BANDON, Ore. — Manufacturer incentive levels jumped 15.5 percent to an average of $4,162 per vehicle in February, while the average MSRP of vehicles sold that month rose 3.7 percent over last year, according to a report from CNW Research.
Additionally, dealers put up another $1,305 in higher trade-in values, added features and from-profits discounting. That represented a 2.3 percent increase vs. a year ago.
“Even in the depths of the recession, approximately 75 to 80 percent of vehicles sold carried some form of manufacturer incentive,” CNW’s Art Spinella wrote in his firm’s March newsletter. “That, however, steadily grew, bouncing from just above to just below the trend line.

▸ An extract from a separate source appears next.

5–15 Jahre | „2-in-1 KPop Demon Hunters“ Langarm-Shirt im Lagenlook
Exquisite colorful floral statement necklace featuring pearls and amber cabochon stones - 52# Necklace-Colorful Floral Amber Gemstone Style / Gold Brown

“In the last six months, however, more than 90 percent of all cars sold carried some form of incentive ranging from added factory-installed equipment to low-interest rates; from lease deals with discounted interest or inflated residual values to ‘free’ aftermarket products such as extended warranties or roadside assistance,” he added.
In February, the industry spent the equivalent of $4.4 billion in such incentives. Ford, General Motors, and Chrysler held nearly 46 percent of the total incentive cost, with the Asian brands actually having a higher share of the total at 53 percent. European manufacturers spent the remaining 1 percent.
“Some of these costs are hidden,” Spinella wrote. “Instead of being made directly to the consumer or car buyer, they are given to the dealership to be used as needed to ‘close’ a deal, and, as such, are not reported as ‘incentive spending.’ Most companies report this expenditure as ‘marketing’ expense.”
Direct-to-consumer incentives build floor traffic while incentives to dealers are used to complete a sale, Spinella added. For example, GM spent roughly 69 percent of its incentive dollars in direct-to-consumer promotions. Nissan, however, spent only 59 percent of its incentive dollars in direct-to-consumer spiffs, according to the report.
“While sales are on track for a 15.7 million-unit year, much of the growth will be on the back of incentives putting the industry in the position of perhaps overspending — something the bottom line can’t afford at any automaker,” Spinella concluded.